Revisiting accelerationism, merging Dennett with Freud, mourning the posthuman future
A confession: I have never read Capitalism and Schizophrenia in full. In the golden years of the philosophy memesphere (2014-2017, RIP), it felt like you could get a pretty good introductory overview just by logging on: flat ontology, baddies without organs, kill the cop in your head, etc. In the dark, depraved days of lockdown #2, L and I considered pooling in for the OnlyFans of that Instagram catboy who promised to provide subscribers with in-depth analyses of each chapter in succession, but we never committed to the bit. When writing my MPhil, I dutifully checked out the copy held by the Cambridge UL - battered, yellow, stained in places with worryingly anonymous substances - but it remained largely unread, and was returned to the library with only minimal new stains. Alas: I had arrived at D&G too late. I was already too Hegel-pilled for the Spinozism (you couldn’t just assert your way back to a pre-critical metaphysics), too Freud-pilled for the schizoanalysis (which seemed to have nothing to do with any of the psychoses I had encountered), and probably just not French enough for the Bergsonian rhapsodies.

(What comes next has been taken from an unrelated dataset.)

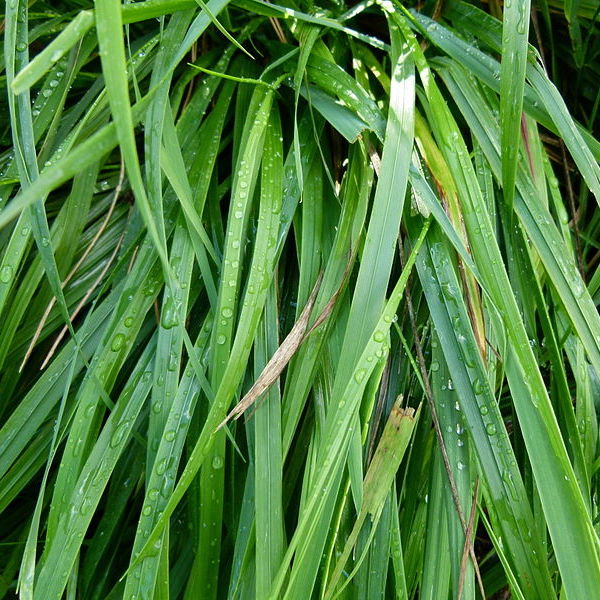 Sweet Grass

And, yeah, it was partly because I held D&G partially responsible for the breathless high theory still languishing on in art publications and English departments: a style of writing that was ‘interdisciplinary’ only because it didn’t meet the internal standards of any discipline. But it wasn’t just that. I also suspected that the book’s politics, no less than its philosophy, had aged badly. I had read Badiou’s ‘Fascism of the Potato’ essay. I knew how taken the theory-heads of the IDF had been with the idea of the ‘nomadic war machine’. And, of course, I had come to D&G acutely familiar – from the memes, from the lore, from the samizdat PDFs – of the movement they had unwittingly seeded: new right accelerationism.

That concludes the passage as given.